Example: classify and summarise thousands of records with the same instructions and output format.

Important Notes

Caching is on by default: You don’t have to do anything to enable it
Regional deployment: In-memory caching works everywhere; extended caching needs specific deployment types
Your data stays private: Caches aren’t shared between different Azure subscriptions
Request limits: If you send more than about 15 requests per minute with the same beginning, some may go to different servers and miss the cache

Let’s have a look:

For the purpose of demonstrating this, I built a Streamlit application that shows this in practice. We will create an agent with a prompt that is larger than 1,024 tokens. The instructions relate to it being an expert in the automotive industry.

Streamlit Overview

Initially, I send it a message saying “Hi”, and the details are below:

Prompt caching first request usage details

Input tokens: 2,193. However, it’s a fresh session, and we’ve never used this before. If I send the same message again, stating “Hi”:

Prompt caching second request usage details

This time we can see that 2,176 tokens were taken directly from the cache. Why this number?

Why `cached_tokens` was 2,176 (the exact math)

At first glance, this looks odd because my visible system prompt is around 2,182 tokens. The key point is that cached_tokens is based on the full internal prompt, not just the visible system prompt.

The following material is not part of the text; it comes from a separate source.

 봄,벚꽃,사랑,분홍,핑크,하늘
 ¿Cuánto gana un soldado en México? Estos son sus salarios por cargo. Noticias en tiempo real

In Foundry, the model input typically includes:

system instructions
developer instructions
tool definitions and schemas
prior user and assistant messages
service-level scaffolding injected by the platform

So the cache comparison runs against that full token stream.

Cache matching rules

The first 1,024 tokens must match exactly
After that, matching is counted in 128-token blocks
cached_tokens equals the total matched tokens

Reconstructing 2,176

If cached_tokens = 2176, the match was:

1024 + (9 \times 128) = 1024 + 1152 = 2176

Here is the same logic as a flow diagram:

flowchart TD
  A[Start cache comparison] --> B{First 1024 tokens identical?}
  B -- No --> C[cached_tokens = 0]
  B -- Yes --> D[Base cached_tokens = 1024]
  D --> E[Check next chunk of 128 tokens]
  E --> F{Chunk matches exactly?}
  F -- Yes --> G[Add 128 to cached_tokens]
  G --> E
  F -- No --> H[Stop counting]
  H --> I[cached_tokens = 1024 + n * 128]
  I --> J[Example: n = 9]
  J --> K[cached_tokens = 1024 + 9*128 = 2176]

That means:

the initial 1,024-token prefix matched
9 additional 128-token blocks also matched
the next 128-token block did not fully match, so counting stopped at 2,176

This is normal and expected behavior.